I was going with Shiloh. There was no question about that. Her leaving without me was too painful, and the very thought of not being near her, where I could make sure she was safe, make sure no bastard could mess with her, had every possessive instinct in me rising.

I exhaled slowly and turned off the engine, climbed out of the vehicle, and headed inside. As soon as I stepped through the front door, the smell of pasta filled the air. My mother was making her homemade spaghetti sauce, a family recipe that had been passed down from her great grandmother, a tradition every Sunday night.

Maybe I should’ve picked a different time to do this, not when we were all together as a family and it was our traditional get-together dinner. But I didn’t want to wait. I knew that would only make shit worse, harder.

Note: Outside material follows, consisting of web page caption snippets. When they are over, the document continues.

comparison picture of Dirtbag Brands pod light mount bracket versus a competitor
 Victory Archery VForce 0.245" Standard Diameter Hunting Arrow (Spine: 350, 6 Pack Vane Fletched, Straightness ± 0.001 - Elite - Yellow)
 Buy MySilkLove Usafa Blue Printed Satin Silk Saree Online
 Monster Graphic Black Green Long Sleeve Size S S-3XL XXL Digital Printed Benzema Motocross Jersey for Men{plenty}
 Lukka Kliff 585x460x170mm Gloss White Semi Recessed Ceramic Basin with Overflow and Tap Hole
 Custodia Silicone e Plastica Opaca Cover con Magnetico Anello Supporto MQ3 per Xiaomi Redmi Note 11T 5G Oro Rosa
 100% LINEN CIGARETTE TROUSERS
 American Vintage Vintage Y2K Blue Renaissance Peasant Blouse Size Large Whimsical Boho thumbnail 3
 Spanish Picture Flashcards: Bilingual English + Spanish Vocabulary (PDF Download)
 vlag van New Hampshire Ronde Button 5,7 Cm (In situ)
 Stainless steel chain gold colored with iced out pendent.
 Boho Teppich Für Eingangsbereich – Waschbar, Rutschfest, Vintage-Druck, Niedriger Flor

I tossed my keys into the little silver bowl on the foyer table, headed into the kitchen, and saw my mom standing by the stove. The red gingham apron she wore was old, probably as old as I was, and something she wore every Sunday when she cooked the family meal.

And every time I saw her wearing it, I knew I was home.

The sound of her humming had me smirking.

She looked over her shoulder at me. “Hey, sweetheart,” she said and faced me, wiping her hands on her apron.

I stepped into the kitchen and walked up to her, looking down at the pot of homemade spaghetti sauce. Scents of garlic, tomato and basil, and all the good memories that came with it, slammed into me.

I really didn’t want them to be upset, didn’t want them to be disappointed in me. I wasn’t going away forever, just long enough for Shiloh to get her degree. But then again, if she didn’t get a job back home, I’d follow her wherever, no matter what.

“What’s wrong?” she asked, and that motherly concern dropped from her voice and covered her face.